Reboisement et inclusion sociale, deux leviers convergents
Au nord de la capitale, la plaine de Bambou-Mingali s’est transformée en laboratoire grandeur nature. Sur plus de 10 000 hectares, acacias et limba émergent d’anciennes friches, régénérant les sols et diversifiant le revenu des agricultrices regroupées en coopératives. Le projet REDD+, soutenu par la Banque mondiale, rémunère les communautés qui limitent les coupes et valorisent l’agroforesterie. Dans les villages riverains, les écoles relaient ce paradigme : un arbre planté par élève, un carnet scolaire allégé de frais. L’AFD estime qu’entre 2015 et 2023, près de 12 millions de plants ont été mis en terre, un record sous-régional.
Financements innovants et gouvernance verte
La signature d’un accord de 65 millions de dollars avec l’Initiative pour la forêt d’Afrique centrale (CAFI) démontre la solidité du couple reforme-financement. Ces fonds irriguent la cartographie forestière par drones, le renforcement des capacités douanières contre l’exploitation illégale et l’appui aux start-up d’énergie solaire. Parallèlement, le Fonds pour l’environnement mondial débloque un guichet dédié à la conservation du Parc national de Ntokou-Pikounda, sanctuaire des gorilles des plaines occidentales. L’efficience financière reste suivie par un comité national de transparence forestière, tandis que la Banque postale du Congo a lancé, sous l’égide du Trésor, son premier « bon vert » libellé en francs CFA.
La décennie de l’afforestation, tremplin stratégique
La Conférence internationale d’afforestation et de reboisement de juillet 2024, point de départ de la Décennie mondiale d’afforestation proposée à la COP 27, a consacré Brazzaville comme carrefour de la gouvernance climatique. Des délégations de vingt-huit pays y ont adopté la Déclaration de Kintélé, prévoyant un partage des meilleures pratiques et l’objectif de 10 milliards d’arbres plantés d’ici 2034. Lors de la session plénière, le président Sassou Nguesso a rappelé que « la justice climatique ne peut se dissocier de la justice économique », invitant partenaires publics et privés à intégrer le verdissement dans leurs plans d’investissement.

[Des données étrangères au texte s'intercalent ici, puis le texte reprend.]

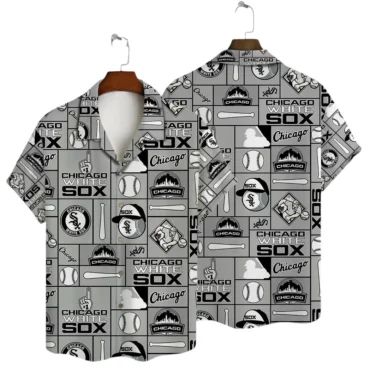 Chicago White Sox Island Spirit Hawaiian Shirt Unisex T-shirt, Sweatshirt, Hoodie, Long Sleeve Tee - T-Shirt, Sweatshirt, Hoodie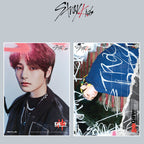 STRAY KIDS STICKER POSTER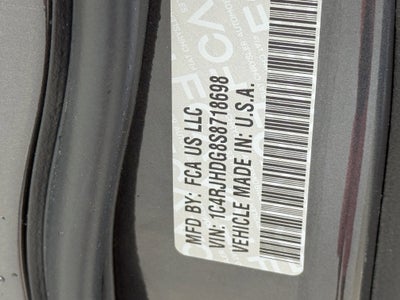 2025 Jeep Grand Cherokee GRAND CHEROKEE OVERLAND 4X4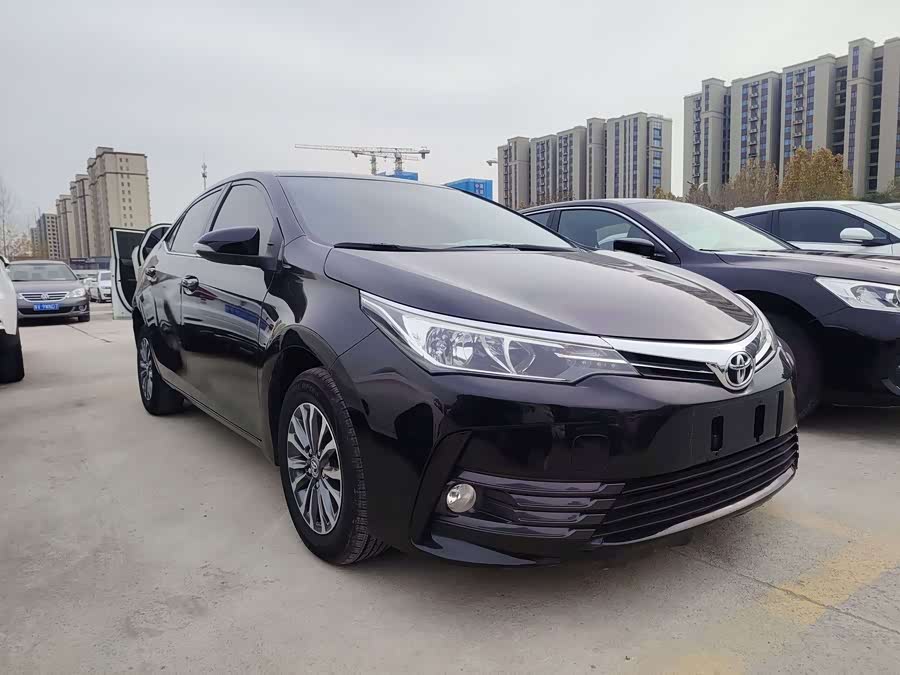 Toyota Corolla 2018 #4 Toyota Corolla 2018 car image #4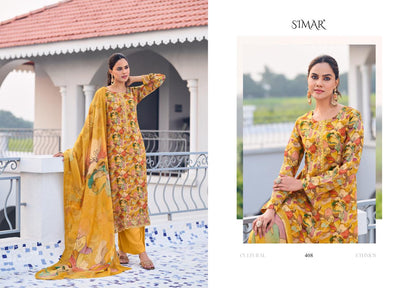 Turvi Burberry Simar Pant Style Suits Supplier India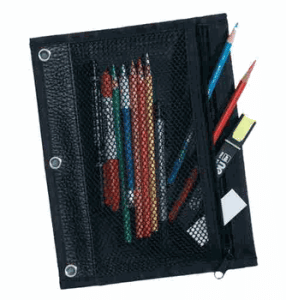Alvin Heritage Binder Pouch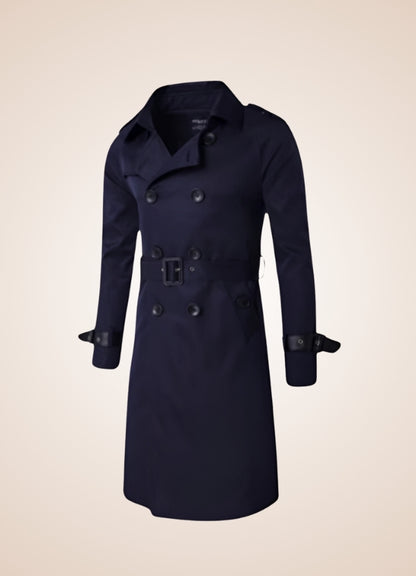 Steampunk Spring Trench Coat UK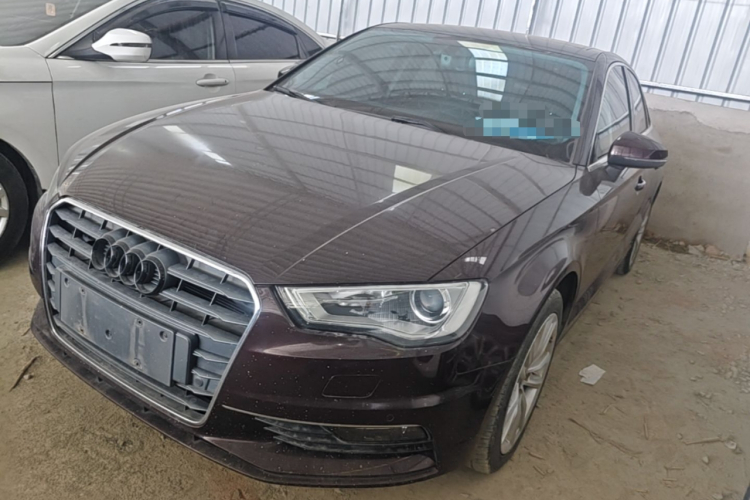 Audi A3 2016 #2 Audi A3 2016 immagine di auto #2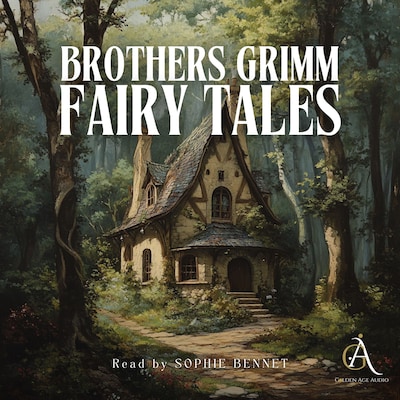 Brothers Grimm Fairy Tales  - Audiobook – omslag til lydbogen af Brothers Grimm, Classic Audiobooks
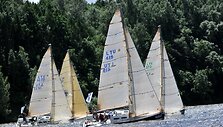 RS-280 buriavimo čempionato trečias etapas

Perspectives géopolitiques d’une ambition verte congolaise
En articulant stabilité institutionnelle, diplomatie proactive et capital naturel, le Congo se forge une image d’État pivot entre les agendas multilatéraux et les réalités du Sud global. La baisse de 50 % de la déforestation depuis 2001, conjuguée au doublement de la capacité hydro-solaire, conforte le pays dans son rôle de créditeur net de carbone. Les chancelleries observent cette trajectoire : Washington y voit un partenaire « clé pour la régulation des flux carbone », tandis que Bruxelles loue une approche « responsable et ouverte » dans les négociations sur la biodiversité post-2020. À l’horizon 2030, la diplomatie chlorophylle de Brazzaville pourrait devenir l’un des piliers de son soft power, croisant sécurité alimentaire, diversification économique et influence normative.